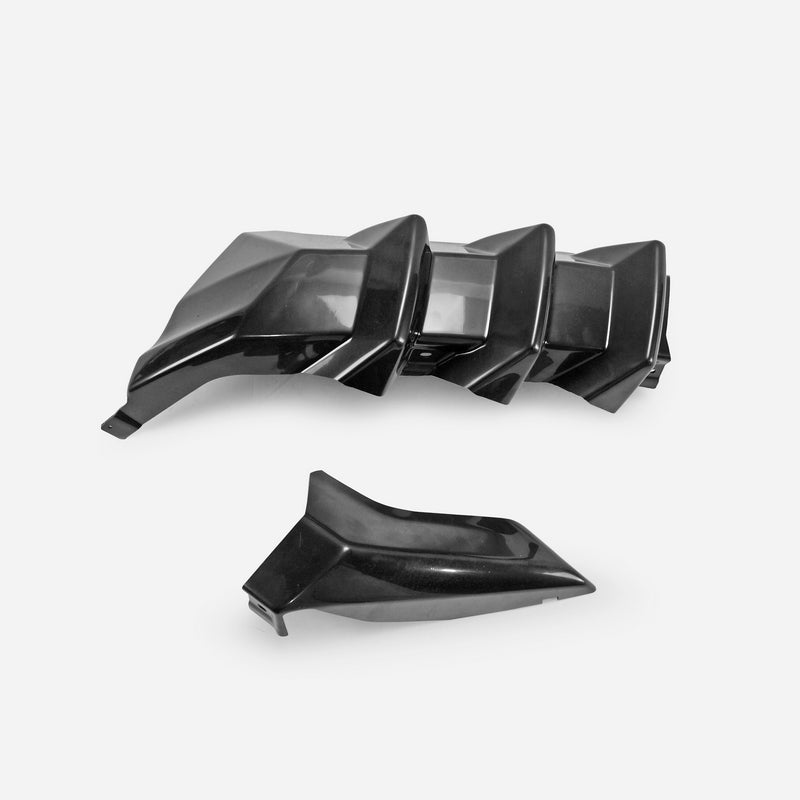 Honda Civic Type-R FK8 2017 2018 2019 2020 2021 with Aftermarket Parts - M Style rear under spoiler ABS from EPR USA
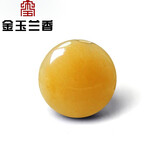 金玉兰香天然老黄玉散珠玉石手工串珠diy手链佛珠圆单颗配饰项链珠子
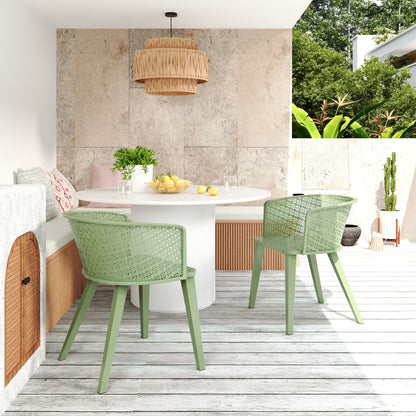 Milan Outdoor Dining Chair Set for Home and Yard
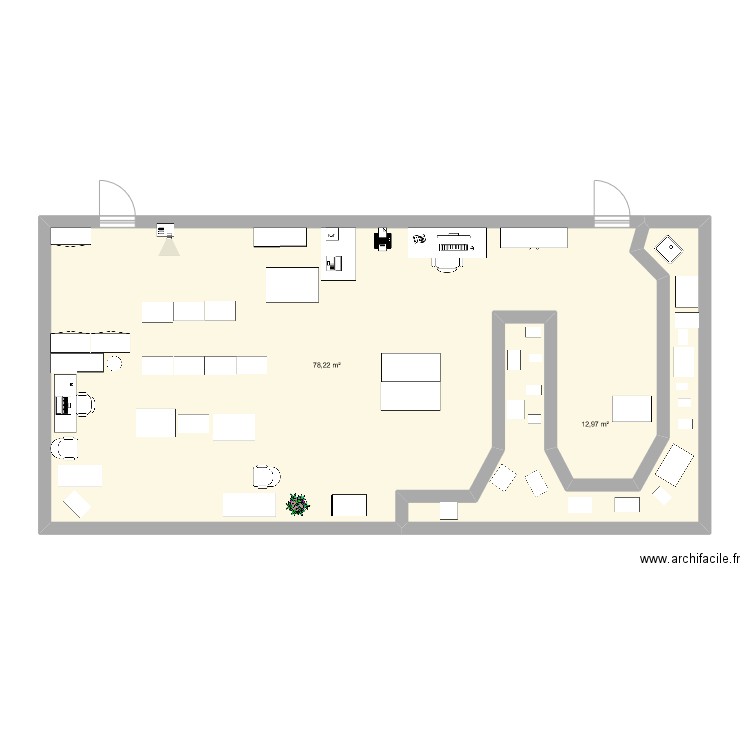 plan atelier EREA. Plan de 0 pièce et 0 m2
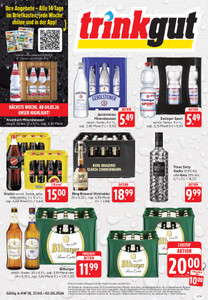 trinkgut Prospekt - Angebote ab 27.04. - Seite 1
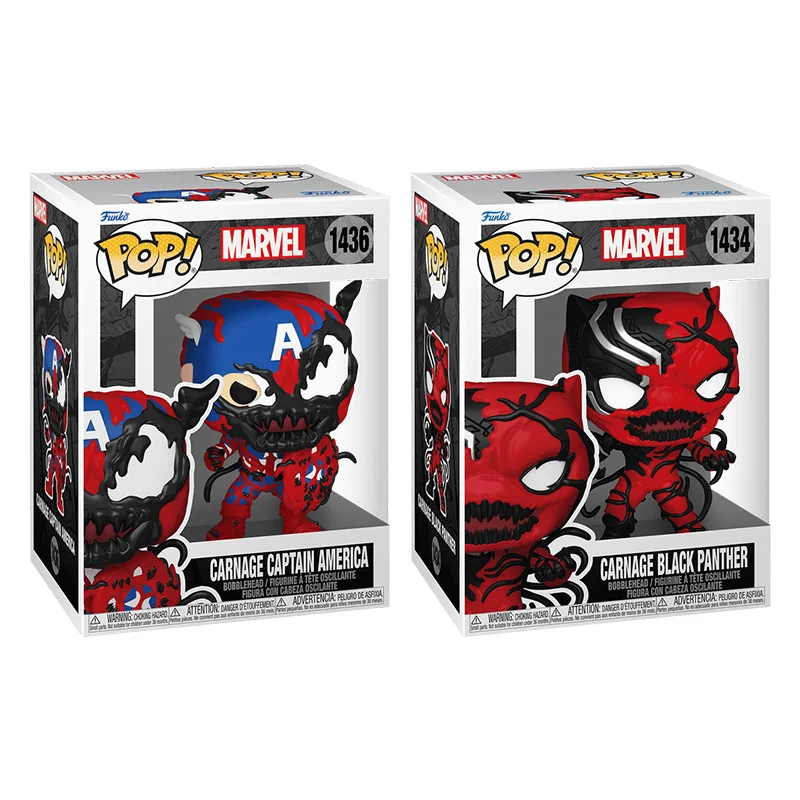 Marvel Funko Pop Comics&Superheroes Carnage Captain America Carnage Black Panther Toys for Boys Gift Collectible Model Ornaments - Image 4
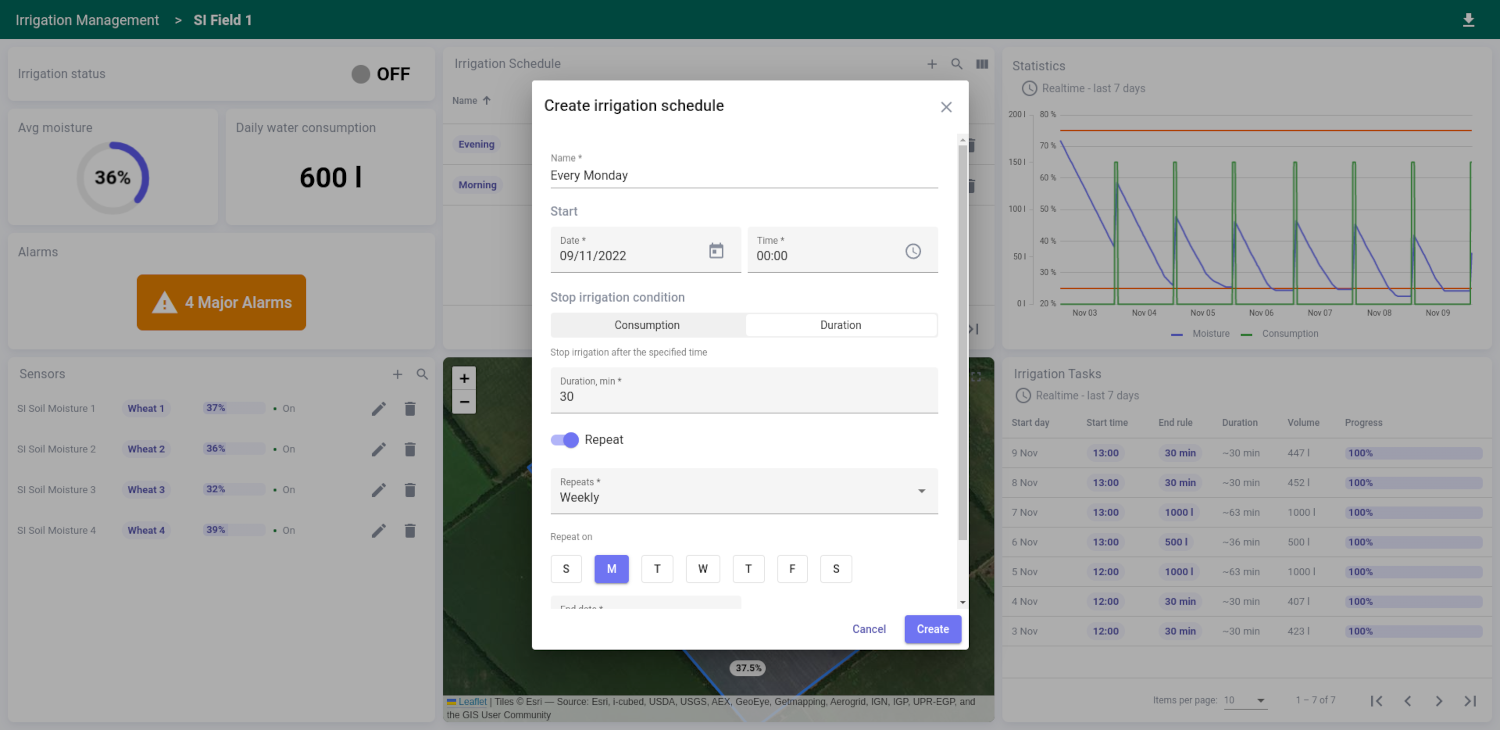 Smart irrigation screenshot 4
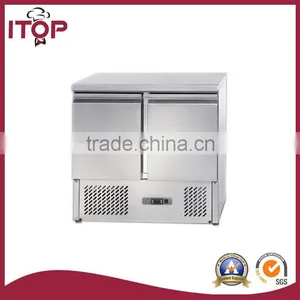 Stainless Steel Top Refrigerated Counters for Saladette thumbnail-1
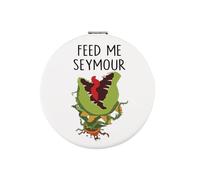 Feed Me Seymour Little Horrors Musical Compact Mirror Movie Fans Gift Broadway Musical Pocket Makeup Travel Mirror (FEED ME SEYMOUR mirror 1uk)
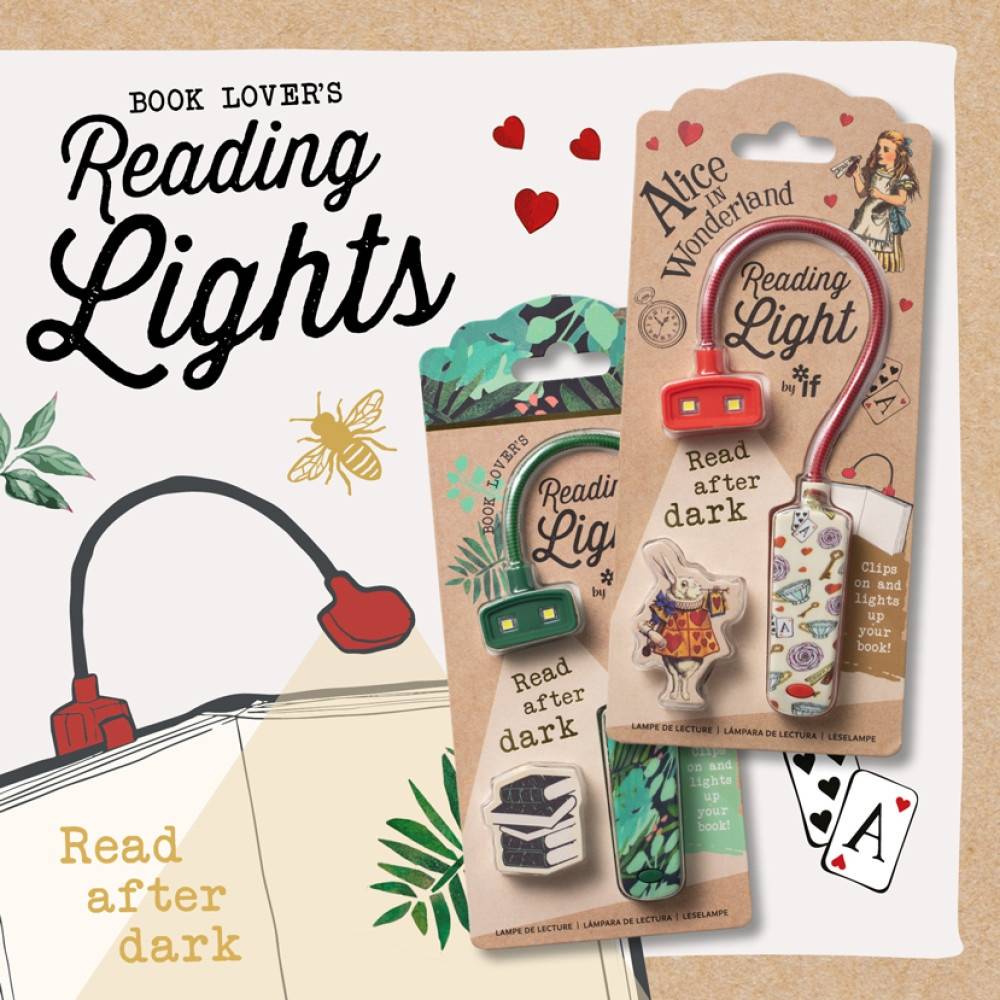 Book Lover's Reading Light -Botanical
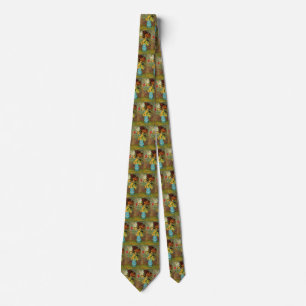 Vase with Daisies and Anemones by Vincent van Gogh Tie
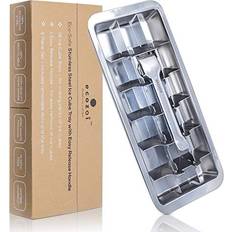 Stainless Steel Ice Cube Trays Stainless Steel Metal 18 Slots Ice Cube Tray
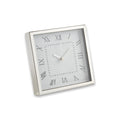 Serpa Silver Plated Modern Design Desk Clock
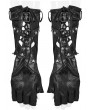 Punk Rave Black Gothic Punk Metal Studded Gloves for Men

→ What you will do:
Could you set down, exactly as written, every line from the start of the records above through the line containing "Smart irrigation screenshot 4", leaving the pictures out?

→ Solved exercise:
 Honda Civic Type-R FK8 2017 2018 2019 2020 2021 with Aftermarket Parts - M Style rear under spoiler ABS from EPR USA
 金玉兰香天然老黄玉散珠玉石手工串珠diy手链佛珠圆单颗配饰项链珠子
 Milan Outdoor Dining Chair Set for Home and Yard
 plan atelier EREA. Plan de 0 pièce et 0 m2
 trinkgut Prospekt - Angebote ab 27.04. - Seite 1
 Marvel Funko Pop Comics&Superheroes Carnage Captain America Carnage Black Panther Toys for Boys Gift Collectible Model Ornaments - Image 4
 Smart irrigation screenshot 4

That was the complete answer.